Thomas & Piron redessinera le quartier des Casernes à Namur

©DDS+, l’Atelier de l’Arbre d’Or et le consortium Cœur de Ville SA

C’est la Ville de Namur qui pilotait l’important projet de requalification de l’îlot des casernes en nouveau quartier urbain. Des trois derniers projets retenus, celui de Thomas & Piron Bâtiment l’emporte.

Ceinturé par des rues au nom historiquement marqué, celles du Premier Lanciers, des Bourgeois et Général Michel, le site concerné représente un îlot urbain assez unique de plus d’un hectare de terrain à haut potentiel, à retisser et à redynamiser pour le relier au centre-ville. Il accueillera un projet mixte mêlant 134 logements, des services, un commerce alimentaire de proximité (800 m²), une bibliothèque communale (2 .000 m²), une brasserie (300 m²), un parc (3.500 m²) ouvert au public et un parking enterré sur deux niveaux en sous-sol (430 places).

En toiture, un pôle ‘agriculture urbaine’ avec jardins et potagers collectifs est également au programme. Il pourra alimenter la halle de proximité baptisée Al’Ferme, comme il se doit.

Le projet des Casernes

Vu la proximité avec le nouveau futur Palais de Justice - véritable bouteille à encre locale puisqu’on attend l’appel à marché public émanant de la Régie des Bâtiments depuis des années, un pôle bureaux (850 m²) sera également intégré sur le site. L’ancien corps de garde, dont les murs seront conservés, accueillera le musée africain de Namur, déjà logé sur place. Il sera relogé différemment accessible via une galerie couverte.

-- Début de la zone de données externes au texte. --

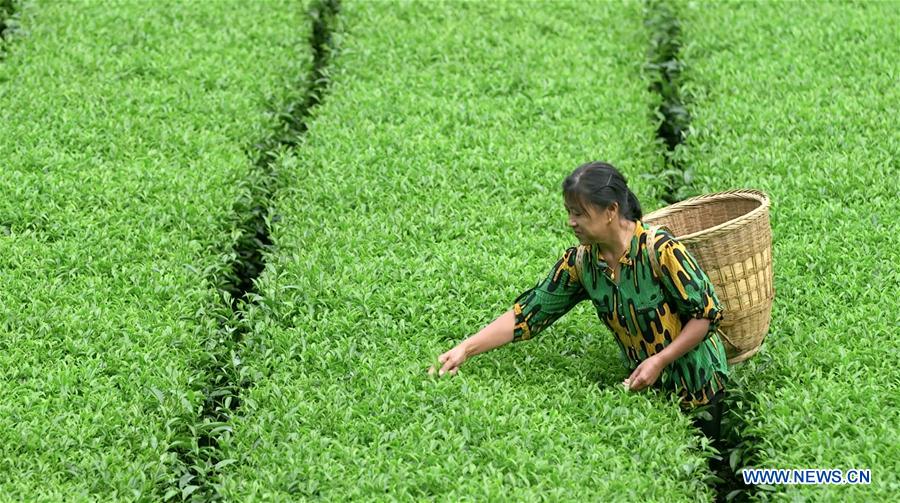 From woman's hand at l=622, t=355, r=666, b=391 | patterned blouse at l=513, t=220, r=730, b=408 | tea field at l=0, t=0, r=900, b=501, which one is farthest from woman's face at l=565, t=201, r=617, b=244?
tea field at l=0, t=0, r=900, b=501

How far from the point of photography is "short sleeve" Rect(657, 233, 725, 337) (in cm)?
487

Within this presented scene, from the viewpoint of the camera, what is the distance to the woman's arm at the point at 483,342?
5277 mm

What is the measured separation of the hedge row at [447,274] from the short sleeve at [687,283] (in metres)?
0.46

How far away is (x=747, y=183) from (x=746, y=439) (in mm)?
2105

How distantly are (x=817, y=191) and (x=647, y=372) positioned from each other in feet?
7.73

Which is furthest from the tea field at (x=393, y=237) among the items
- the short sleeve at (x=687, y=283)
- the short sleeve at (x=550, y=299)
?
the short sleeve at (x=687, y=283)

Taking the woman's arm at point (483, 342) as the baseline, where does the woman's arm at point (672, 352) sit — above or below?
above

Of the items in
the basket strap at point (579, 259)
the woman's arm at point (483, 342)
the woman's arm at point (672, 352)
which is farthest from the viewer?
the woman's arm at point (483, 342)

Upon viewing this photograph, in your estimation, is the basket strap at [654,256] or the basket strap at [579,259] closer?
the basket strap at [654,256]

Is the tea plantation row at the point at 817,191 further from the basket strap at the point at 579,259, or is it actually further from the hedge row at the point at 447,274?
the basket strap at the point at 579,259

©DDS+, l’Atelier de l’Arbre d’Or et le consortium Cœur de Ville SA

Parallèlement à la création de ce nouveau quartier urbain, la Ville de Namur prévoit la revitalisation de la rue des Bourgeois : trottoirs, espaces sécurisés pour accéder au futur pôle scolaire, bulles à verre et de tri enterrées, bornes de rechargement pour voitures électriques sont au programme à la Régie foncière.

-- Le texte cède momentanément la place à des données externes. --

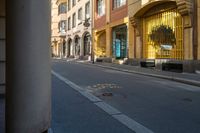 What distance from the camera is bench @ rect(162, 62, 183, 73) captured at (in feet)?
70.3

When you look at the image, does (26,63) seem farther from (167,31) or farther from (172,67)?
(167,31)

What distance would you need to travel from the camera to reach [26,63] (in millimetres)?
4633

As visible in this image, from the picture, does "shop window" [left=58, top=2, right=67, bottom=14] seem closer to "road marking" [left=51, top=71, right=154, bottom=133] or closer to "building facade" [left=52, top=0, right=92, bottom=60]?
"building facade" [left=52, top=0, right=92, bottom=60]

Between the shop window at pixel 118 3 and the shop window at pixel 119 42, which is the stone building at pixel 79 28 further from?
the shop window at pixel 118 3

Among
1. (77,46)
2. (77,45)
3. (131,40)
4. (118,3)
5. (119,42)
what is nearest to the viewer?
(131,40)

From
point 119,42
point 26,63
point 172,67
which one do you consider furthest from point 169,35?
point 26,63

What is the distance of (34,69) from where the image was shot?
470 centimetres

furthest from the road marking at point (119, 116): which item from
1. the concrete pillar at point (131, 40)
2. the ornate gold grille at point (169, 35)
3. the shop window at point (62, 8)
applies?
the shop window at point (62, 8)

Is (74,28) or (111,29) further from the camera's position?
(74,28)

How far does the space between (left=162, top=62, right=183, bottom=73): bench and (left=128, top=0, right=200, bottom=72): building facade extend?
0.21m

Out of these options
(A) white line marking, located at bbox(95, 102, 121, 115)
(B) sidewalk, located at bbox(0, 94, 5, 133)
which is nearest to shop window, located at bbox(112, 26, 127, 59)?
(A) white line marking, located at bbox(95, 102, 121, 115)

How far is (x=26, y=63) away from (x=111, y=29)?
3355 cm

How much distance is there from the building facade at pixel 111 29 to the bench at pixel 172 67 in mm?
8991

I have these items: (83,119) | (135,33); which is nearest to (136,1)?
(135,33)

Le timing des travaux phasés prévoit un début de chantier dès juillet prochain et une livraison totale du projet d’ici l’été 2022. L’ouverture de la bibliothèque est, elle, prévue dès 2021. C’est TP Bâtiment qui portera le risque financier du chantier durant toute la durée des travaux. Interparking intervient dans le financement du parking, qu’il gérera sur base d’une emphytéose de 30 ans. Le budget global du projet avoisine les 55 millions d’euros TVA comprise.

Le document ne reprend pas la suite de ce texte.